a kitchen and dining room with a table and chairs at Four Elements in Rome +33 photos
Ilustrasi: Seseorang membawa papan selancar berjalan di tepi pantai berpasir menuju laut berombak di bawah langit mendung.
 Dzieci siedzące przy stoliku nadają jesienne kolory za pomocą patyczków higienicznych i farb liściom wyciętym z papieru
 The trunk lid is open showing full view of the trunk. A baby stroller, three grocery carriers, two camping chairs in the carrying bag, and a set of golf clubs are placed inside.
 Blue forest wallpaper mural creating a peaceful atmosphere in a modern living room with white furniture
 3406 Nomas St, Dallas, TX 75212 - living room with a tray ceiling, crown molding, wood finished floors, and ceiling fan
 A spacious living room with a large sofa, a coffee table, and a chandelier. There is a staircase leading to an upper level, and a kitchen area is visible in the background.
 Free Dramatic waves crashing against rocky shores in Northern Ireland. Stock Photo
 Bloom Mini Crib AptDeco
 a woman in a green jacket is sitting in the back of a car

|---|

| What is being asked |
Using only the entries above, output the line with "The trunk lid", the line with "Blue forest wallpaper", and all lines between them, exactly as they stand.

| Your solution |
 The trunk lid is open showing full view of the trunk. A baby stroller, three grocery carriers, two camping chairs in the carrying bag, and a set of golf clubs are placed inside.
 Blue forest wallpaper mural creating a peaceful atmosphere in a modern living room with white furniture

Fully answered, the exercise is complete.